Free Learning on the Internett
Universities have finally realized that students are getting information for free on the Internet. The Internet is the source of information, not the instructor standing on the podium in the lecture halls. This must have caused concern for the universities because they were paying faculty to share information with students, who were paying to get the information, but the students found class time useless. Would this be the end of institutions of learning?

Is this video a threat to universities?
Did Michael Wesch start a revolution when he dared to share what students thought of their university classes?

Open Education Resources (OER)
The Internet and free online learning on Wikipedia, Wikiuniversity, and Wikieducator and the Open Education Resources (OER) university, Moodle (Free Open Source) course and learning management system, faculty blogs, and other teachers who were teaching online for free were becoming a major threat to the existence of the traditional campus-based organizations. Instead of joining forces with the OER movement or starting a serious fully online or blended learning programs with Moodle (free), retraining faculty on how to teach, or firing faculty and rehiring educators who put the learning first and didn’t follow the teacher-centered approach to instruction and learning, the elite universities decided to start their own MOOCs using Coursera (a private courses system) that was developed for the universities. The attitude the elite universities are choosing to take is “if you can’t join them, break them”.

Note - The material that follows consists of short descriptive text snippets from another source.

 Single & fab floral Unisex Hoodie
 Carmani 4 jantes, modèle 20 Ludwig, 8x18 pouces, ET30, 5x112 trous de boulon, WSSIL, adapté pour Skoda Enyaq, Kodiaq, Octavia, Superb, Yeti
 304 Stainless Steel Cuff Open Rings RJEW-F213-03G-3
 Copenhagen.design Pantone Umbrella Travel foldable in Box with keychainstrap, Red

Massive Open Online Courses (MOOCs)
Why the mad rush to develop coursera for the new kinds of MOOCs? There is a trend for a new kind of MOOC. The new elite Coursera MOOC is different from the original ones created by Geroge Siemens and Stephen Downes from 2008-2012. The old MOOCs were based on the idea of connectivism while the new are based on content sharing or the traditional teacher knows best model where teaching drives the process.

Why the change?
Massive Open Online Courses (MOOCs) began with the idea of connecting for learning via personal learning environments (PLEs) using blogs, wikis, google groups, and Moodle. According to Wikipedia, the term MOOC is said to have started in 2008 by Dave Cormier and Bryan Alexander “in response to an open online course designed and lead by George Siemens and Stephen Downes” (wikipedia). However, MOOCs have changed from the idea of connecting with others for learning to the more traditional content delivery format as demonstrated by Khan’s Academy, MIT’s and Standford.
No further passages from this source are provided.